Although Kubrick’s groundbreaking work in illusory zero gravity shots wasn’t repeated in Star Wars, Lucas heeded the director’s genius when depicting hyperspace and some of the other mind-bending scenes in outer space. As a subtle homage to 2001: A Space Odyssey, Lucas based the Death Star’s docking bay where the Millennium Falcon lands in A New Hope on that seen on Kubrick’s Space Station V. 

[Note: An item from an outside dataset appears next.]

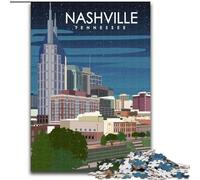 Jigsaw Puzzles 1000 Pieces for Adults Teens Nashville Tennessee Art, Toys Educational Games Stress Relieving Enhance Love between Couples 50x75cm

Stanley Kubrick - Director - 2001- A Space Odyssey -1968
Credit: Far Out / Alamy

While 2001: A Space Odyssey cannot compare to the commercial impact and vast cultural legacy of Star Wars, it is widely regarded as the greatest sci-fi movie ever made. “Stanley Kubrick made the ultimate science fiction movie, and it is going to be very hard for someone to come along and make a better movie, as far as I’m concerned,” Lucas once said of the film. “On a technical level, it can be compared [to Star Wars], but personally, I think that 2001 is far superior.”

Lucas isn’t alone in his appraisal, either. “The way the story is told is antithetical to the way we were accustomed to seeing stories,” Spielberg once said of the movie. “Kubrick would tell me, the last couple years of his life, when we were talking about the form, he kept saying, ‘I want to change the form. I want to make a movie that changes the form.’ And I said, ‘Well, didn’t you with 2001?'”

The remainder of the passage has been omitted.